Forms regarding sleep schedules, homework, recycling, and everything in between have been made and sent out at dizzying speeds. At their peak, students might receive over three per day. While the surveys address interesting and important topics, there is one clear problem: most students do not read them.

There is no official count on the percentage of students that actually respond to them, but it is apparent that the number is not high. This can be inferred from the amount of times the same surveys have been sent out time and time again, with the creators pleading with the recipients to spend “just a minute” to fill out and respond to the form.

Many students do not check their emails to begin with (unless it is from a teacher) and there are plenty of students with thousands of emails in their inbox because they simply do not care about reading and deleting old or unimportant emails. On that note, most students do not care enough to respond.

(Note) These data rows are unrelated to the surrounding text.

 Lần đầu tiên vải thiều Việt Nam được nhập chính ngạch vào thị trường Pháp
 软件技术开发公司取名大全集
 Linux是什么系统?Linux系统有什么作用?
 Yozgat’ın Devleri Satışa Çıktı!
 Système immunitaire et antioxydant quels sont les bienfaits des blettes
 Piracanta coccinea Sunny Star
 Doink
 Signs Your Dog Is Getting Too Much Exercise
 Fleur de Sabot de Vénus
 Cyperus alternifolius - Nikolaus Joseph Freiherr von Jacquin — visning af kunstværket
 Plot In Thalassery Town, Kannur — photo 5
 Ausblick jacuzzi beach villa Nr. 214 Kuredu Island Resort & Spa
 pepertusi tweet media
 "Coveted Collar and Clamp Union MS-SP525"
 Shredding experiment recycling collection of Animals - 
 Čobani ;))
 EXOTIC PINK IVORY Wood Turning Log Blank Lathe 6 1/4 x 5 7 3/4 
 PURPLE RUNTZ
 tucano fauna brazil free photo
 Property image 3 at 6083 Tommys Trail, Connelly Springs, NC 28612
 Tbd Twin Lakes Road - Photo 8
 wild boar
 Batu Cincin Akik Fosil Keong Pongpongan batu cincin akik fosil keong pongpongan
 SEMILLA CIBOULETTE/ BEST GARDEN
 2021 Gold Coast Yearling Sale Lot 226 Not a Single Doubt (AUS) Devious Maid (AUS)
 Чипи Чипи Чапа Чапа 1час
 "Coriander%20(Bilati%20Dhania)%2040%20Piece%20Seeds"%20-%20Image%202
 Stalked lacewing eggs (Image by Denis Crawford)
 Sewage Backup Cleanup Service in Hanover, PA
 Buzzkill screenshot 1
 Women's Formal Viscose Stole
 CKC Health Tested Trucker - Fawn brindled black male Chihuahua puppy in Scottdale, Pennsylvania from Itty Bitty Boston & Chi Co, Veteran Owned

Joe Dougherty ‘21 explains, “I feel bad for those that are required to send all the surveys, but I do not have time to go through every single one and respond. There are too many”. When asked about the senders claim that they take less than a minute, he said “They may only take that long but I am not interested in responding.” This is a popular feeling among students, as they have become exhausted from seeing so many, that they never want to participate.

The surveys resemble the job of  a telemarketer or someone calling to gather money for a charity. They are just trying to do their jobs and it might be for a good cause, but most people are annoyed by them. Many times, if one responds to the call, they will continue to be called and asked for money all the time. For most, they would rather just ignore all of the distractions and feel bad (but not too bad).

One student that does respond to as many emails as he can, Bobby Peskin ‘21, explains his motives for doing so. He says, “I know that these kids are just trying to fulfil a project in class, and I know that most kids don’t respond, so I am just trying to do them a favor and give them some information.”

Unfortunately, people like Bobby are a minority here at school. However, even if all or most of Ridge students participated in the surveys, how much would actually change? It is impossible to tell the impact of over one thousand students can have in their school, but for many of the surveys that were sent out such as expanding special ed programs to include student volunteers, or improving the timeliness of busses, many changes would have to be implemented to reach the goal of the survey, and most of them would not be easy.

Mr. Krause might be able to change some things at a school level, but for most of the proposed improvements to the school, there would be a lengthy process to have them approved. Most ideas would have to go to the school board, different superintendents, heads of departments, and by the time it was all said and done, years might pass before anything is even approved. After that, it would have to be implemented in the curriculum, school day, or with other faculty at school, who might not be willing to make the change. Overall, the time, money, and energy needed to cause some of the changes that students suggest might not be practical in the long run.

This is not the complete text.